- Opening Delimiter -

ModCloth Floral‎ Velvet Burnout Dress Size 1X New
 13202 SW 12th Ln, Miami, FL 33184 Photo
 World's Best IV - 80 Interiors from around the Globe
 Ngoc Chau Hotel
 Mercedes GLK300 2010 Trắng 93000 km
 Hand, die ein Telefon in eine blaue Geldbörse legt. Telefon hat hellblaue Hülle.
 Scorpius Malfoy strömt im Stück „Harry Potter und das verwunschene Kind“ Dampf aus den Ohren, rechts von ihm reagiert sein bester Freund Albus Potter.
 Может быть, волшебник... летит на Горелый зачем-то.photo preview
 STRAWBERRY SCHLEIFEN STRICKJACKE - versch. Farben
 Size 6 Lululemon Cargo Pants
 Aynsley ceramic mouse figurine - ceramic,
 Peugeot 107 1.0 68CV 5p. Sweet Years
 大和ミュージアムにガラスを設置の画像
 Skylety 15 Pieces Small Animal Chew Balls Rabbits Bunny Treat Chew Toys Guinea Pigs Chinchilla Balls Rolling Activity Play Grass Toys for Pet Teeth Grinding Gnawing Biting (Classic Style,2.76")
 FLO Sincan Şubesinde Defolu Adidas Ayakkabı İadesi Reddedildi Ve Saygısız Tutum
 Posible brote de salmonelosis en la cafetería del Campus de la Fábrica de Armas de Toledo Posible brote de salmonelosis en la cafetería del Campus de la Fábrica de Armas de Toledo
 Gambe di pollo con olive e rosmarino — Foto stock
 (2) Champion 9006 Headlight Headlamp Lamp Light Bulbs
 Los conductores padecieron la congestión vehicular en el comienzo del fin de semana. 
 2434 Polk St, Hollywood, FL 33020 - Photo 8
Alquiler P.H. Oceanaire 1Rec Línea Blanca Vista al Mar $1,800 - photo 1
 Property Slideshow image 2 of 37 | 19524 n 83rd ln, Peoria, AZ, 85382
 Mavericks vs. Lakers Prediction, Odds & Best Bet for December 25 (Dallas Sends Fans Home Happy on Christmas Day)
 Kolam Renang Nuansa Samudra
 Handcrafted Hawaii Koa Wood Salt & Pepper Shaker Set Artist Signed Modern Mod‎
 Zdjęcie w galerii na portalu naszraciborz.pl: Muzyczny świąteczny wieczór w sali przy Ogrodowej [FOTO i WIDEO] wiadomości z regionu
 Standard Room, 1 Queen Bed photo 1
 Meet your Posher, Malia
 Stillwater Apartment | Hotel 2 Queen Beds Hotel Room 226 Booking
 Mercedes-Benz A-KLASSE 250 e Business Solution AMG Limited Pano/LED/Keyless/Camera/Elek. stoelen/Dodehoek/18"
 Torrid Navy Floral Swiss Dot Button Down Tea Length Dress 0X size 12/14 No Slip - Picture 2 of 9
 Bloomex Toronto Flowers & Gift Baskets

- Closing Delimiter -

PROBLEM TO SOLVE:
To answer, copy each line from the material above that has the word "Mercedes".

TASK SOLUTION:
 Mercedes GLK300 2010 Trắng 93000 km
 Mercedes-Benz A-KLASSE 250 e Business Solution AMG Limited Pano/LED/Keyless/Camera/Elek. stoelen/Dodehoek/18"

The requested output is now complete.